Иван провел с ней шесть месяцев. Потешая свое любопытство, бояре иногда слегка приоткрывали дверь в комнату и зрели, как великий князь склонял голову на пухлые коленки поварихи. А когда живот у бабы округлился и всем стало ясно, что Прасковья ждет дитя, Шуйский выставил ее за ворота.

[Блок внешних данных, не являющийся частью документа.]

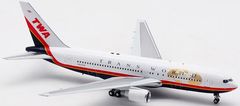 Inflight200 Inflight 200 - Boeing B767-231, Trans World Airlines "1995s" Colors, USA, 1/200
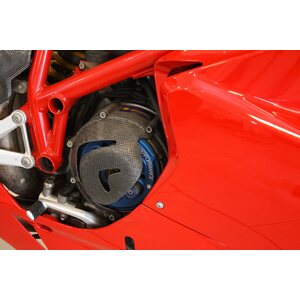 Ducati 1098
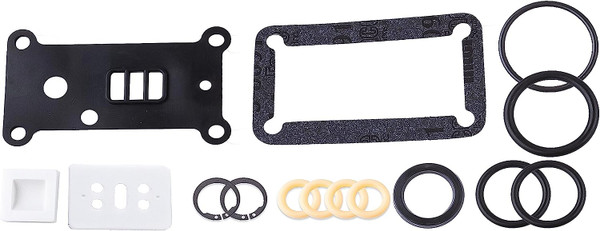 Ingersoll Rand Aro 637141 Kit Asm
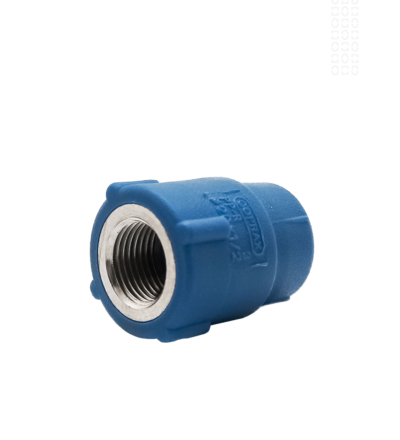 RACCORD F 20x1/2 PPR COPRAX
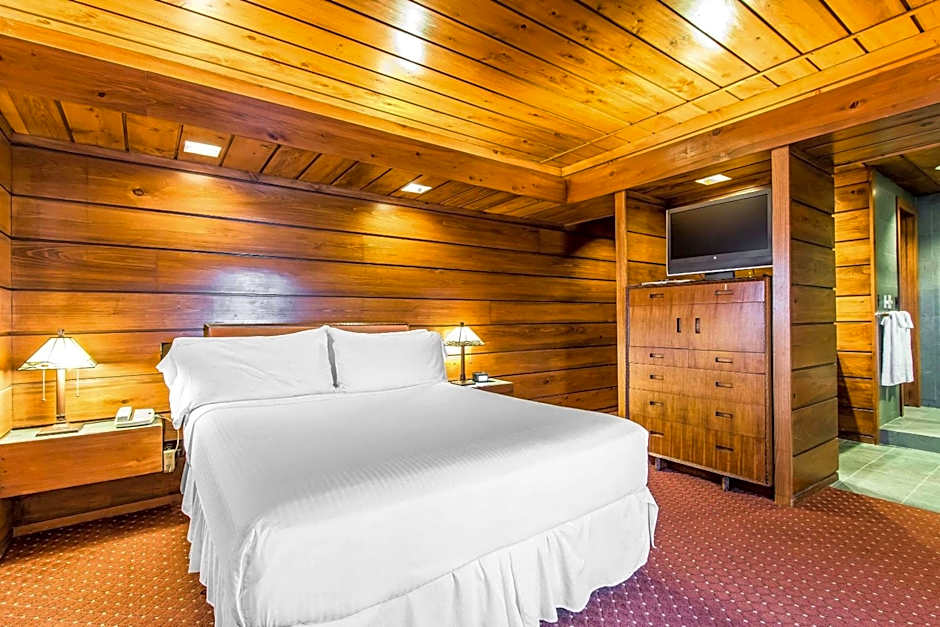 Inn at the Mill, an Ascend Collection Hotel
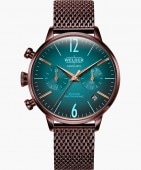 MOODY DUAL TIME 38MM WWRC626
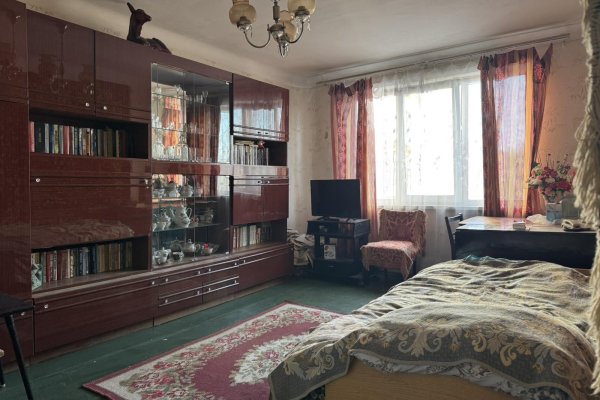 2-комнатная квартира по адресу Мавра ул., д. 64 - фото 2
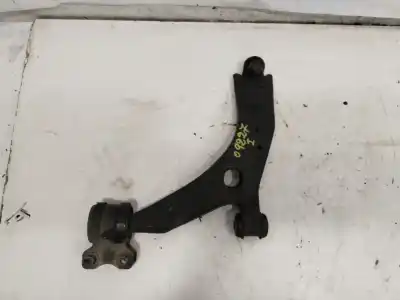 Second-hand car spare part front left lower suspension arm for ford c-max (cb3) ambiente oem iam references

Андрей Шуйский за это время сумел сделаться полноправным господином, и почести ему оказывались не меньшие, чем самому московскому государю. Даже митрополит гнул перед ним шею. Единственный, кто не считался с его величием, был Федор Воронцов, который числился в любимцах у великого князя. Даже в Думе Воронцов норовил высказаться всегда первым, тем самым отодвигая назад самих Шуйских. Андрей, закусив губу, тихо проглатывал обиду и с терпеливостью охотника дожидался своего часа. Такой случай представился, когда на Монетном дворе сыскался вор, который заливал олово в серебро, а через стражу вывозил сплав со двора.

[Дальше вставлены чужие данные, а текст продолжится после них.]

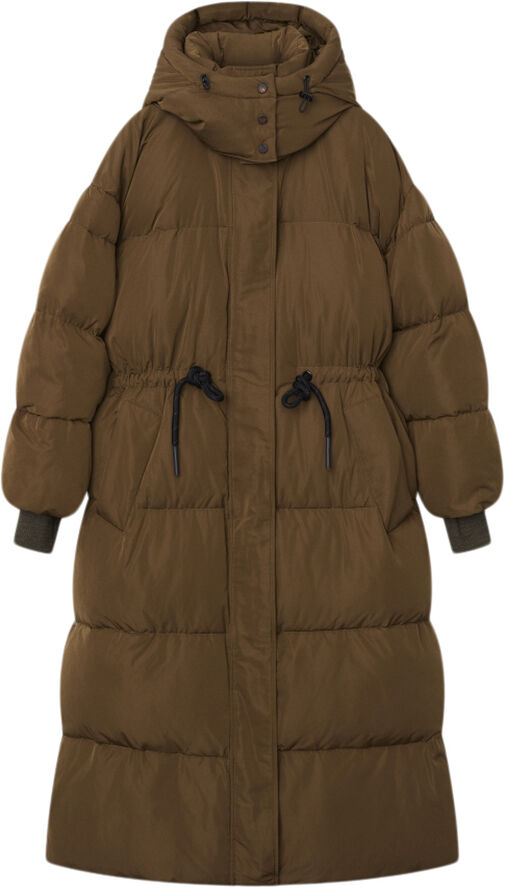 DAY Birger et Mikkelsen Petra - Winter Puff RD Beech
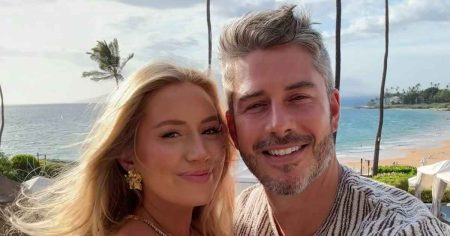 البكالوريوس آري لوينديك جونيور يحدد موعدًا آخر لاستئصال القناة الدافقة بعد الطفل رقم 4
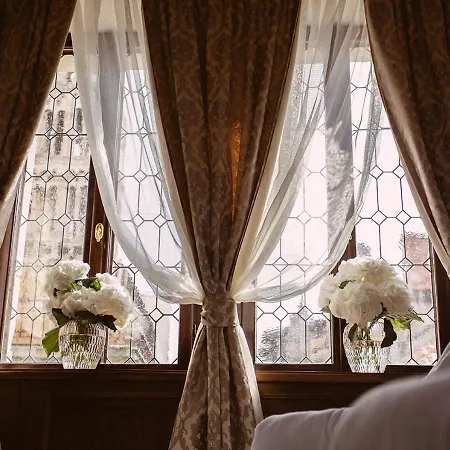 Heritage Cardo Split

Братья Шуйские ворвались в приказ, обвинили во всем Воронцова, затем стали бить его по щекам, рвали волосья из его бороды и называли татем. Потом выволокли боярина на крыльцо и скинули со ступеней на руки страже.
– В темницу его! – орал Андрей. – Все серебро государское разворовал!
Окровавленного и в бесчувствии Воронцова караульщики поволокли с Монетного двора, и носки его сапог рисовали замысловатые линии на ссохшейся грязи. Чеканщики попрятались, чтобы не видеть позора боярина, стража разошлась. Караульщики, словно то был куль с хламом, а не любимый боярин государя, раскачали и бросили его на подводу, а потом мерин, понукаемый громогласными возницами, повез телегу в монастырскую тюрьму.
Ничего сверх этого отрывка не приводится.